Google's mission is to organize the world's information and make it universally accessible, but not necessarily to create it outright. This makes Wikipedia a natural partner.
It's therefore no surprise to hear when the search colossus helps out the cooperatively written project.
Specifically, Google is helping Wikipedia with translation, so subject matter documented in one language needn't be created from scratch in another. Google described some of its translation work in a presentation at the Wikimania conference in Poland over the weekend.

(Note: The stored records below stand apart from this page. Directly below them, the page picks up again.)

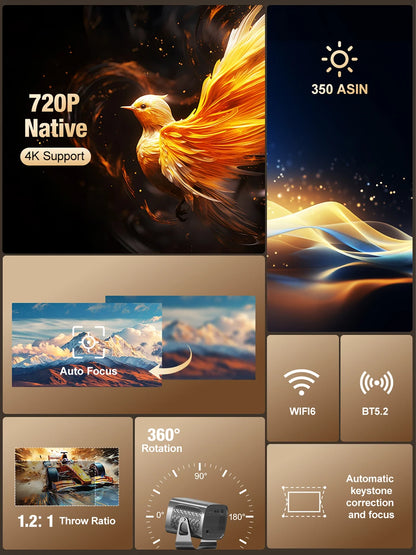 VEVSHAO A12 Projector Mini Portable  LED Video Android 13.0 WIFI 6 Mirror SmartPhone for 1080P 4K Video Home Cinema Projector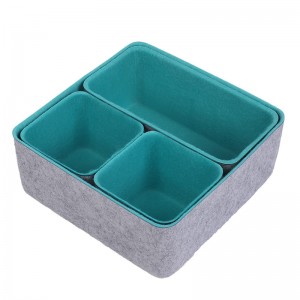 4pcs set- Colorful Felt Storage Organizer Box, Multifunctional Foldable Office Desktop Felt Fabric Bin for Home and Office Use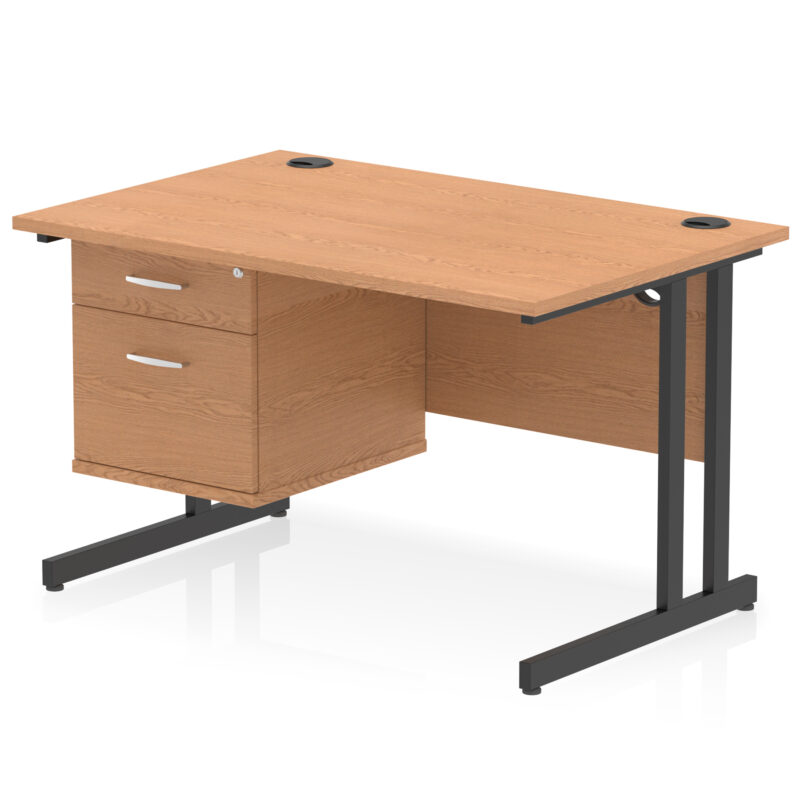 Surge 1200mm Cantilever Straight Desk With Single Fixed Pedestal - Image 125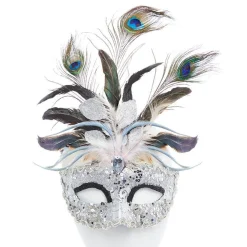 Silver Masquerade Mask With Glitter & Peacock Feathers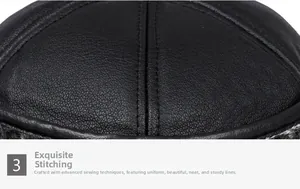 Detail of premium black PU leather baseball cap with exquisite reinforced stitching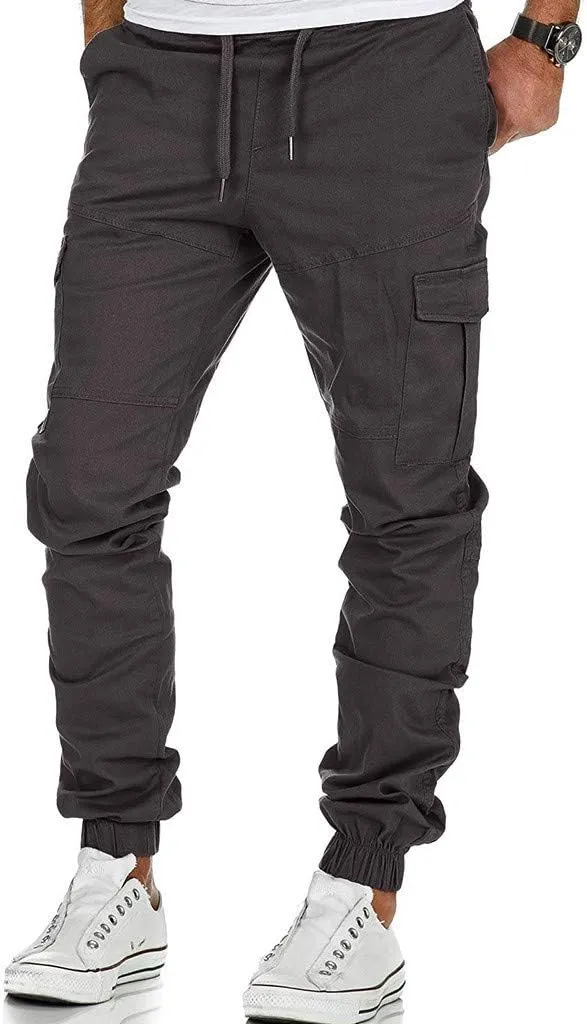 Cargo Sweatpants for Men Cargo Fleece Sweatpants Stretch Elastic Waist Jogger Sports Pants Drawstring Sports Trousers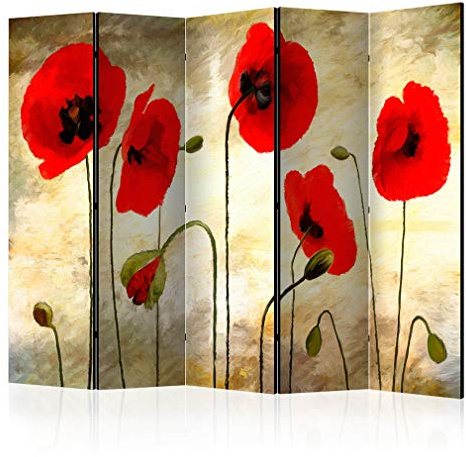 decomonkey Paravent Raumteiler Innen Mohnblumen, 225x172 cm, 5-teilig | Einseitig, Wohnzimmer, Room Divider, Wall, Raumteiler Stehend, Trennwand, Sichtschutz, Spanische Wand, Sichtschutzwand, Holz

"In the last 16 months, Google has been working with the Wikimedia Foundation, students, professors, Google volunteers, paid translators, and members of the Wikipedia community to increase Wikipedia content in Arabic, Indic languages, and Swahili," Google said at the conference. In a blog post on Wednesday, Google said it has begun the work with Hindi, which despite having millions of speakers had only 21,000 Wikipedia articles in 2008 compared with 2.5 million in English.
All of this is a laudable goal, given how often Wikipedia entries show up in Google search results. But there's an interesting, financially helpful side effect of the work, too: it's perfectly suited to improving Google's own translation tools.
That's because Google's translation technology begins with content in which the same text appears in multiple languages. The more examples of human translation it has, the better it works and the less often it has to fall back on machine translation. Wikipedia provides a diverse and growing body of subject matter that seems ideal for the task.
Google helps others help itself with the Google Translator Toolkit, which lets people collaboratively translate documents with Google's technology offering a head start.
The Translator Toolkit can specifically import Wikipedia pages, and doing so contributes a project to Google's translation technology. "Translated segments for Wikipedia articles are stored in our global, shared translation memory. You cannot change this setting for Wikipedia translations," the tool notes.
"There are many Internet users who have used our tools to translate more than 100 million words of Wikipedia content into various languages worldwide," Google product manager Michael Galvez said in the blog post.
Having better translation directly helps Google by lowering language barriers for its sites--not just supplying search results, but indexing Web sites, captioning YouTube videos, translating e-mail, and translating Web pages viewed in Chrome.